President-elect Barack Obama has named former Hawaiian Airlines bankruptcy trustee Joshua Gotbaum as one of two leaders to head up the Treasury transition team.

Gotbaum, who successfully brought Hawaiian Airlines through a 26-month bankruptcy, was named yesterday along with Michael Warren, chief operating officer of advisory firm Stonebridge International.

Both are expected to oversee the new administration's takeover of the Treasury Department as it manages the still-evolving $700 billion financial rescue plan.

Gotbaum, 57, brought Hawaiian out of Chapter 11 reorganization in June 2005 after collaborating with San Diego-based RC Aviation LLC on a reorganization plan. Hawaiian's emergence from bankruptcy was notable because the company was able to fully repay creditors, and the value of the stock was not wiped out as it typically is in Chapter 11 cases.

He was appointed trustee in July 2003 to replace Hawaiian Airlines trustee John Monahan, who resigned after three weeks on the job for personal reasons. Monahan is now president and chief executive of the Hawaii Visitors and Convention Bureau.

However, a few months after the company exited bankruptcy, Gotbaum rankled the company and its labor unions, who had made contract concessions, when he asked the court for an $8 million success fee on top of the nearly $1.2 million he received in salary for his two years as trustee. Bankruptcy Judge Lloyd Faris ultimately reduced the $8 million request to $250,000.

A trustee had been needed to oversee Hawaiian through bankruptcy after Faris ousted former CEO John Adams in May 2003. Faris ruled that Adams had placed the interests of the shareholders ahead of those of the creditors with an ill-timed $25 million stock tender offer in 2002 that enriched Adams and his affiliates when Hawaiian was recovering from the effects of Sept. 11, 2001.

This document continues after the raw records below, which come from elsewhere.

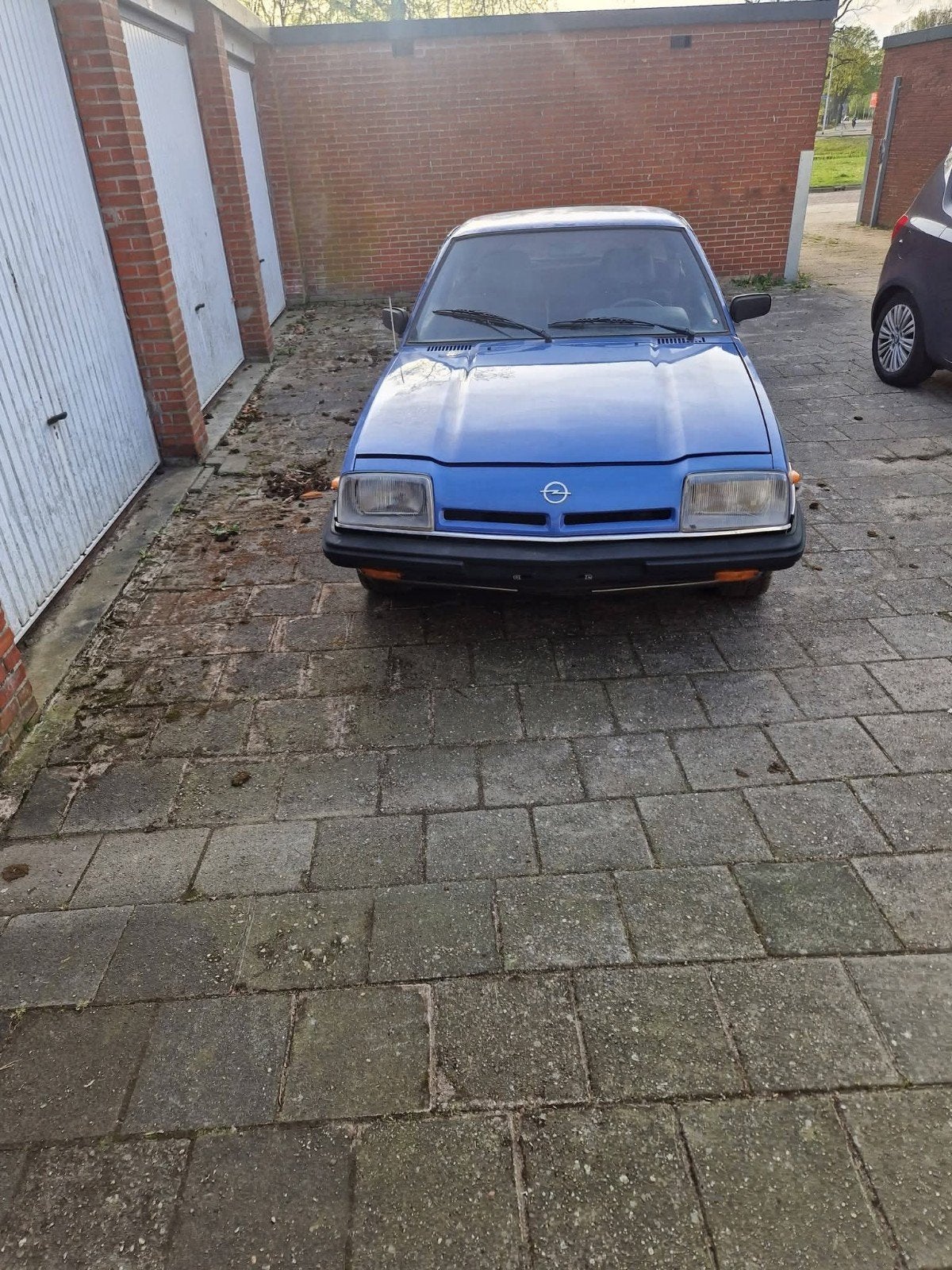 Opel manta b, Ophalen, Opel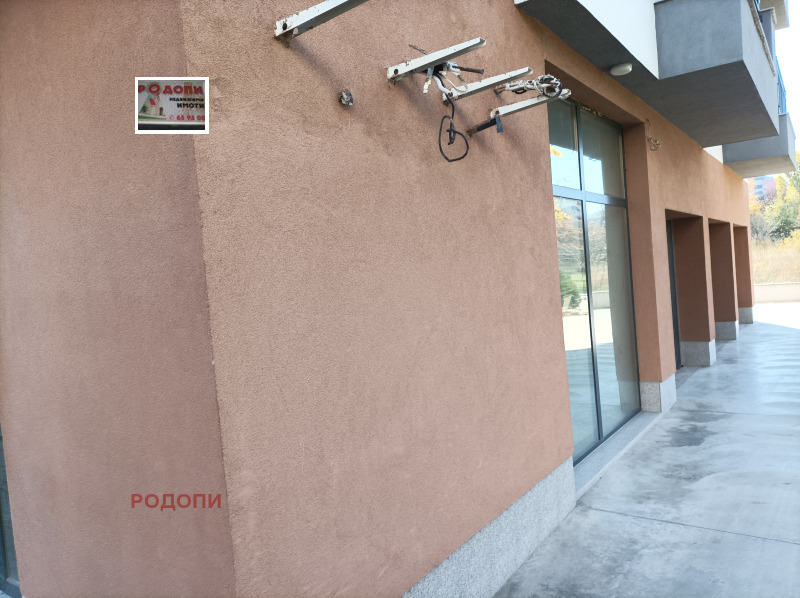 Дава под наем МАГАЗИН, гр. Пловдив, Тракия, снимка 3 - Магазини - 52398307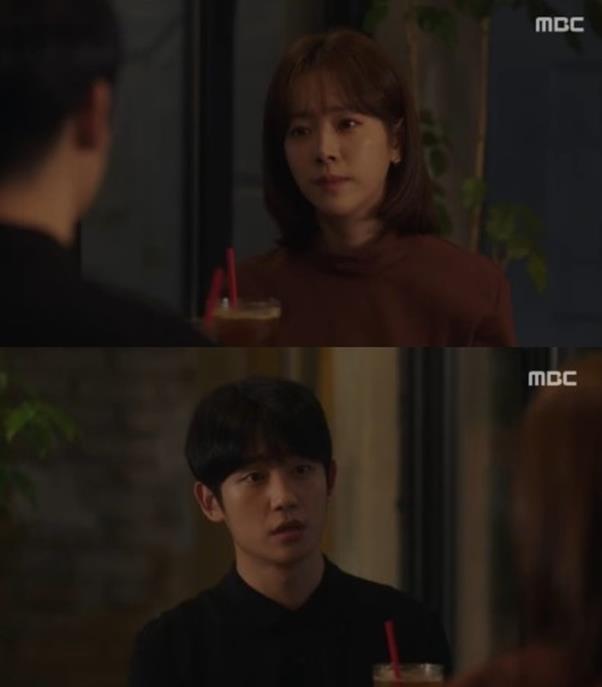 Han Ji-min, the spring night setting, entered the cooler, but eventually love became more solid.In the MBC drama Spring Night, which aired on the afternoon of the 10th, Lee Jung-in (Han Ji-min) was shown to mention his hard feelings to Yoo Ji-Ho (Jung Hae-in).Earlier, Yoo Ji-Ho had been sober that he had told Choi Jung-in, Are you going to throw us away? that embarrassed him.The next day, Yoo Ji-Ho found out that he had made a mistake with Choi Jung-in, who said, Yesterday, I was so angry.Ive had a lot of drinks, but I know I made a mistake. I dont do that.Im sorry, Im so sorry, but I never thought of that for a moment, said Yoo Ji-Ho.Im sorry to have to move it to my mouth, he said.As Mr. Choi Jung-in said, I cant be qualified if I dont try to do it because of my past.I betrayed the person I met and showed it to Mr. Jiho, said Choi Jung-in.I know you dont believe me at all, but I feel uncomfortable even though I know it.On the other hand, Kwon Ki-seok (Kim Jun-han) met with his father at the same time and asked him to set a wedding date and prepared for marriage unilaterally.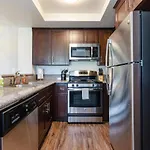 Sunset Strip 2 Bedroom 2 Bathroom With Pool & Views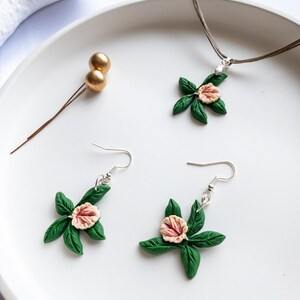 Cream Flower Jewelry Set – Handmade Polymer Clay Necklace & Earrings – 925 Silver Hooks – Hypoallergenic Lightweight Gift – Free Shipping
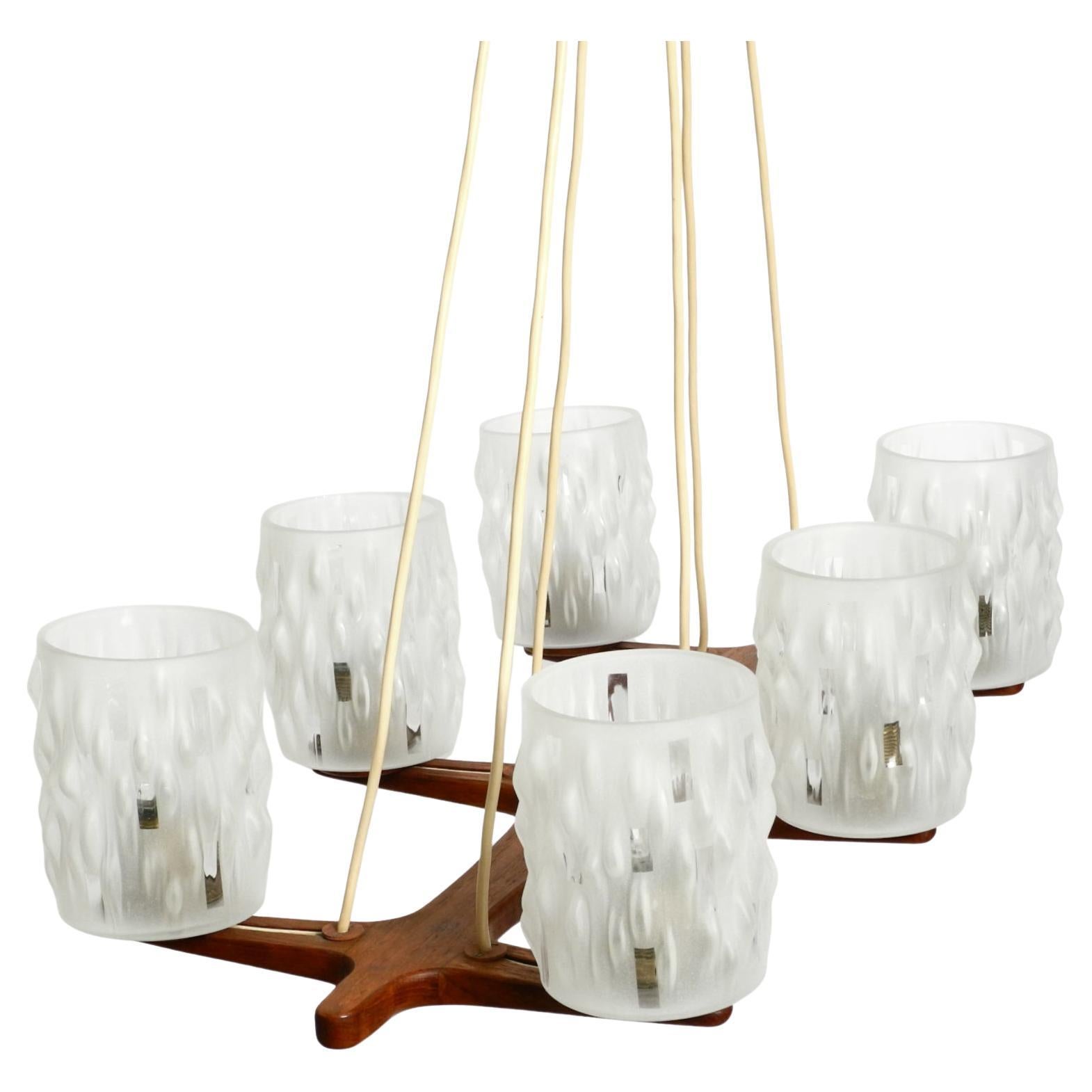 Lampada da soffitto scandinava anni '60 a 6 bracci in teak con paralume in vetro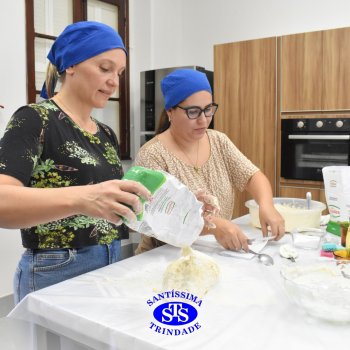 Crianças do 1º ano colocam a mão na massa para produzir os pães da Celebração de Páscoa
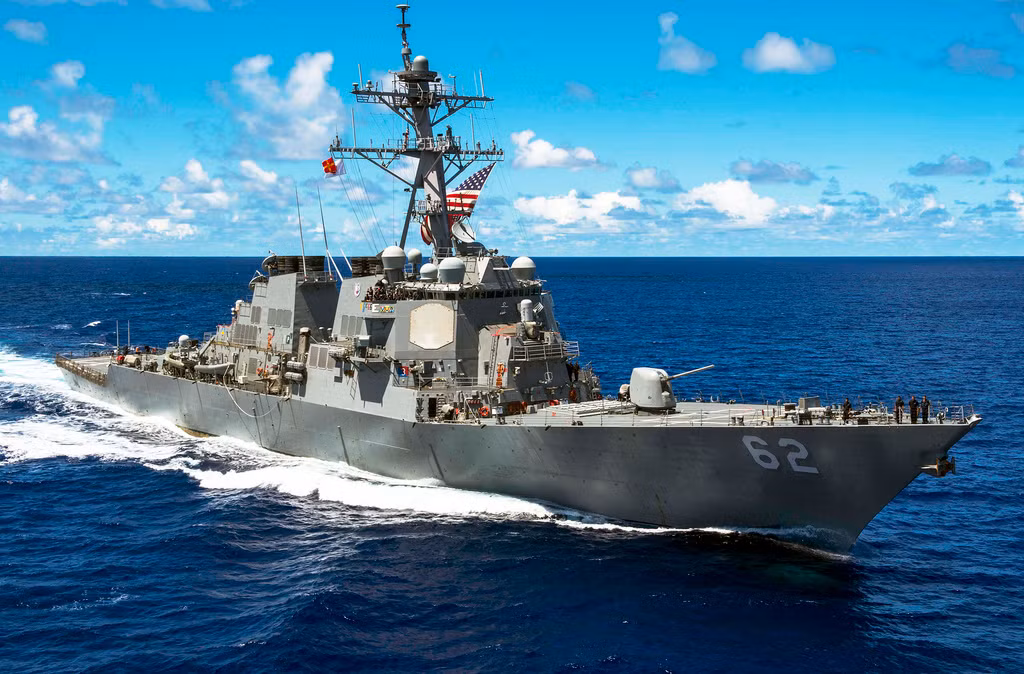 USS Fitzgerald là khu trục hạm lớp Arleigh của Hải quân Mỹ. Con tàu này được hạ thủy vào năm 1994 và chính thức được gia nhập biên chế Hải quân Mỹ từ năm 1995. Tính đến khi bị tai nạn vào năm 2017, khu trục hạm này đã phục vụ Hải quân Mỹ được 22 năm. Nguồn ảnh: USnavy.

Gotbaum, son of New York labor leader Victor Gotbaum, worked briefly in the Carter administration before becoming a protege of the investment banker Felix G. Rohatyn at Lazard Freres & Co., where he spent 13 years. At Lazard he provided advice to airlines on mergers, acquisitions, bankruptcies and restructuring—from the likes of Pan American to British Airways and Air France.

Before taking the Hawaiian position, Gotbaum was the first CEO of the September 11th Fund, a $500 million-plus charity formed after the 2001 tragedy.

From 1994 through 2001, he worked in the Clinton administration as controller in the Office of Management and Budget, assistant secretary of Treasury for Economic Policy and assistant secretary for economic security in the Department of Defense.

Gotbaum received his Bachelor of Arts degree from Stanford University and his joint law and Master of Public Policy degrees from the Kennedy School of Government at Harvard University.

After pulling Hawaiian out of bankruptcy, Gotbaum returned to his former residence in Washington, D.C.

In 2006 he was recruited by Blue Wolf Capital Management of New York as an operating partner to help restructure Platform Learning Inc., a bankrupt company offering tutoring services to public school students under the No Child Left Behind Act.